Keith Duggan finds Offaly's
Michael Duignan content but a little contrite for a previous
sin
You're sitting in front of a car park pay barrier frantically
scrambling for coins when Michael Duignan ambles into view, an easy
grin filling his countenance.
"Stuck for change? Hang on," he says, returning to his car.
"You're punctual," he offers, when you finally get parked, as
though keeping time is a novel phenomenon to him. It's a wet, grubby
morning in Naas and the big man assures you there's no hurry.
What is it with Offaly folk? They seem to trip along to their own
rhythms in that part of the world, unfussed and nonchalant, thriving
on a mind-set which seems totally at odds with the highly-charged
contemporary GAA. Thus, when the hurlers swept the country last
summer, the fans were happy but not fazed. Isn't that why they
entered the bloody thing, sure?
"I dunno, it's just the makeup of the people, it is always been
that way. But there was a definite build-up in the relationship
between the supporters and players last year which, I think, stemmed
from the pitch protest in Croke Park after the Clare game."

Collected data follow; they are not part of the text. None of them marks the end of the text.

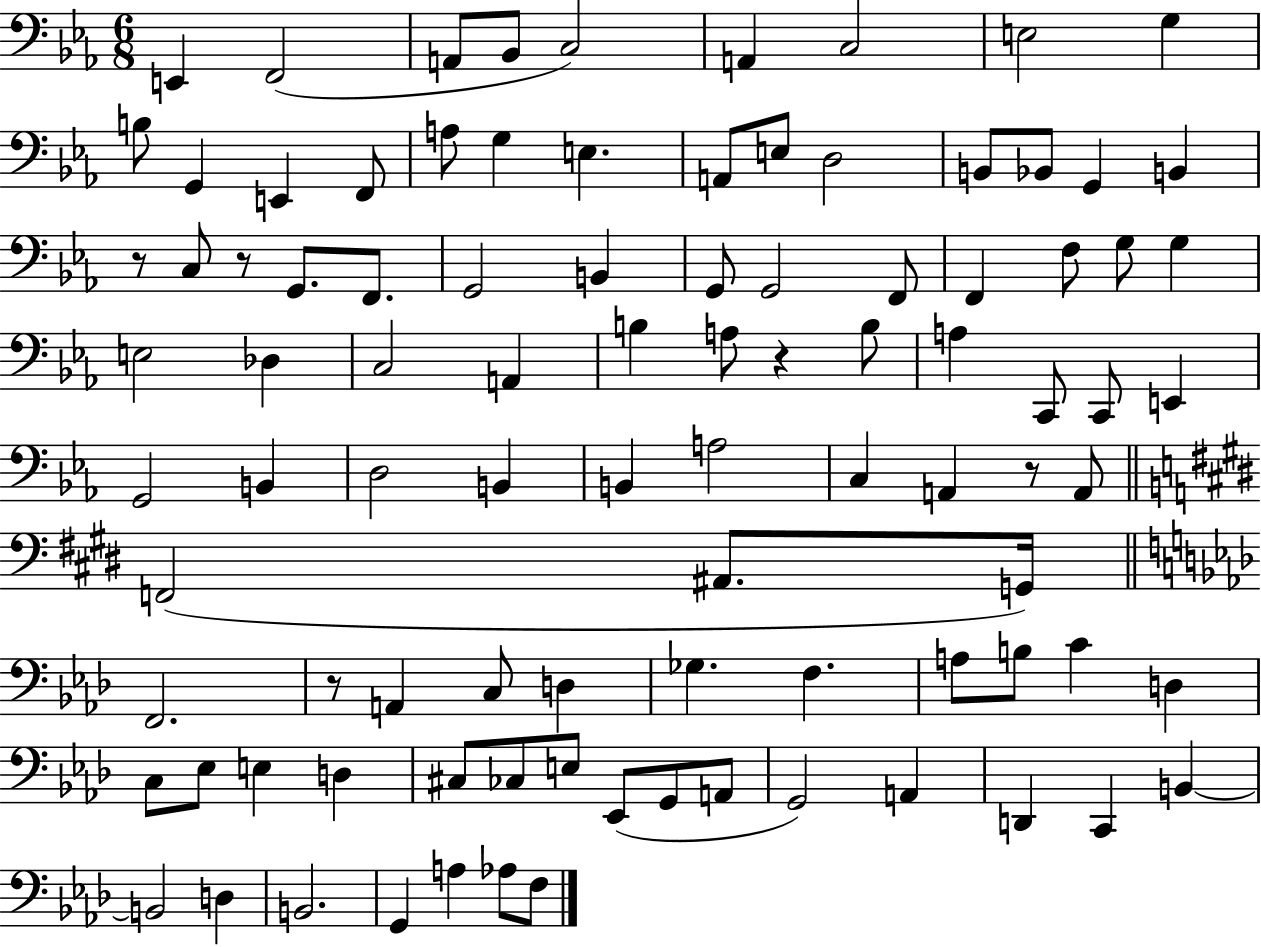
{
  \clef bass
  \numericTimeSignature
  \time 6/8
  \key ees \major
  e,4 f,2( | a,8 bes,8 c2) | a,4 c2 | e2 g4 | \break b8 g,4 e,4 f,8 | a8 g4 e4. | a,8 e8 d2 | b,8 bes,8 g,4 b,4 | \break r8 c8 r8 g,8. f,8. | g,2 b,4 | g,8 g,2 f,8 | f,4 f8 g8 g4 | \break e2 des4 | c2 a,4 | b4 a8 r4 b8 | a4 c,8 c,8 e,4 | \break g,2 b,4 | d2 b,4 | b,4 a2 | c4 a,4 r8 a,8 | \break \bar "||" \break \key e \major f,2( ais,8. g,16) | \bar "||" \break \key aes \major f,2. | r8 a,4 c8 d4 | ges4. f4. | a8 b8 c'4 d4 | \break c8 ees8 e4 d4 | cis8 ces8 e8 ees,8( g,8 a,8 | g,2) a,4 | d,4 c,4 b,4~~ | \break b,2 d4 | b,2. | g,4 a4 aes8 f8 | \bar "|."
}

Duignan was in the lounge bar with the others, ruing the end of
their run when someone called him over to the window. Thousands of
county folks, sitting on the turf. Tiananmen Square meets Croke
Park.
"We couldn't believe it, it was the most incredible sight," says
Duignan.
As history tells it, Offaly went on to blitz Clare and then
subdued Kilkenny on a blinding afternoon, Duignan scything through
for a late, flamboyant point which was just so Offaly.
"Someone said to me last week that I'd never forget the score.

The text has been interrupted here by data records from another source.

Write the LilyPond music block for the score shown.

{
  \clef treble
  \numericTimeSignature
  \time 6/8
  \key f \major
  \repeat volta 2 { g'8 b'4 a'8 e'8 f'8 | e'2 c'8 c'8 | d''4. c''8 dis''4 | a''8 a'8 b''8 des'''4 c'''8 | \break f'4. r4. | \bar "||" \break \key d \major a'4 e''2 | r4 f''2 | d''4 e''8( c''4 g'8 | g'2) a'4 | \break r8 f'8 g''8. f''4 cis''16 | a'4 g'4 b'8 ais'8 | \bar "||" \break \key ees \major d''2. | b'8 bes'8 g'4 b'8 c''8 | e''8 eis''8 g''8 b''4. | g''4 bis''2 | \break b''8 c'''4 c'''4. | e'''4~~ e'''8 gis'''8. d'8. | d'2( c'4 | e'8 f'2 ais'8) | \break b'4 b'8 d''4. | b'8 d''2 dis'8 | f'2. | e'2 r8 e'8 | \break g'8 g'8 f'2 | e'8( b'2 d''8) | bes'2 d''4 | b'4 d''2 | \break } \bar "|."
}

Truth is I hardly remember it now. The All-Ireland seems a good time
ago now and what with injuries, we're a good bit down the pecking
order again."
That score, though, was maybe a personal vindication for Duignan
who was given a verbal roasting by the Clare fans for an untoward
pull across David Forde's midriff. Half a stadium booing when the
sliotar ran his way.
"I should have been sent off," he says emphatically. "To be
honest, it might have been better I was because I feel like I've
served 12 months out of it. You still get the jibes, even walking
down the street in Ennis for the league, there were remarks. Look,
it was wrong, we were nine (points) down, I was frustrated -
probably more so with my own lads than anything and I reacted. I
said I was sorry and to me it's over now. David got on with it, he
still plays. That happens in hurling. I've taken plenty of belts. If
I get a haircut, the barber'll say, Jesus, what happened your
head."
After the champagne days ended, Offaly returned to the league
with an apparent reluctance which bordered on the obdurate. Their
enigma value increased as the mediocre results mounted. But they are
hankering after the dry days ahead. The notion that Offaly hurlers
are magicians who just turn it on for kicks is something to keep the
spirits up when they are running ball-breaking drills.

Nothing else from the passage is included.